Building Zero-Downtime Kafka Migrations at Scale
January 20, 2026
12 min read
Why Zero-Downtime Migration Is Non-Negotiable
In 2025, my team at Mr. Cooper executed one of the most complex infrastructure migrations we'd undertaken: moving our entire Confluent Kafka cluster to Private Service Connect (PSC). The cluster handled over 500,000 events per day, serving the mortgage servicing platform for 10M+ customers. Downtime was not an option.
This article documents the strategy, execution, and lessons learned — a framework you can apply to any major Kafka infrastructure migration.
What Is PSC and Why Did We Migrate?
Private Service Connect (PSC) is a Google Cloud networking feature that allows private, encrypted connectivity between consumer and producer VPCs without traversing the public internet. Before PSC, our Confluent Cloud cluster used VPC peering, which introduced several pain points:
- Network traffic between services was routable across peered VPCs, creating a larger blast radius for security incidents
- IP address range conflicts as our GCP footprint expanded
- Inconsistent latency during peak hours due to shared peering bandwidth
- Compliance concerns around data traversal paths
PSC solved all of these: traffic stays entirely within Google's network, each service gets a dedicated private endpoint, and the connection model is strictly one-directional (consumer pulls from producer).

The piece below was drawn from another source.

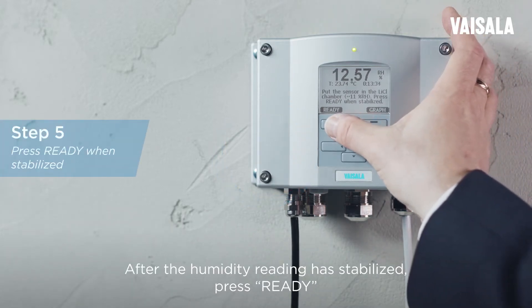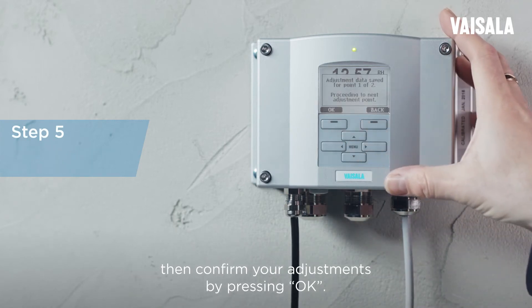After the humidity reading has stabilized, press READY, then confirm your adjustment by pressing OK.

Migration Architecture: The Dual-Cluster Strategy
The core principle of zero-downtime Kafka migration is simple: run two clusters in parallel and migrate consumer groups incrementally. We called this our Blue (legacy) / Green (PSC) strategy.
Phase 1: Green Cluster Provisioning (Week 1–2)
We provisioned the new PSC-enabled Confluent cluster in parallel with the existing peering-based cluster:
- Created identical topic configurations (partition counts, replication factors, retention policies)
- Set up Schema Registry replication to keep schemas in sync
- Configured identical ACLs and service accounts
- Established monitoring dashboards for both clusters in New Relic
- Validated network connectivity from all 40+ consumer service pods
# Example: Verify PSC endpoint connectivity from consumer pod
kubectl exec -it <consumer-pod> -- nc -zv <psc-endpoint> 9092
# Expected: Connection to <psc-endpoint> 9092 port succeeded
Phase 2: Producer Migration (Week 3–4)
We migrated producers first — before any consumers. This allowed the green cluster to accumulate message history before consumers switched over:
- Identify producer services — We catalogued every application writing to Kafka (32 services across 8 teams)
- Feature-flag the broker URL — Each producer used an environment variable for the bootstrap server address. We added PSC endpoint as a feature-flagged override
- Shadow publishing — For critical topics (loan events, customer updates), we temporarily dual-published to both clusters using a custom wrapper that wrote to both brokers with identical keys
- Validate with lag monitoring — Confirmed consumer lag remained at zero on blue cluster before declaring producer migration complete
// Producer dual-write wrapper (simplified)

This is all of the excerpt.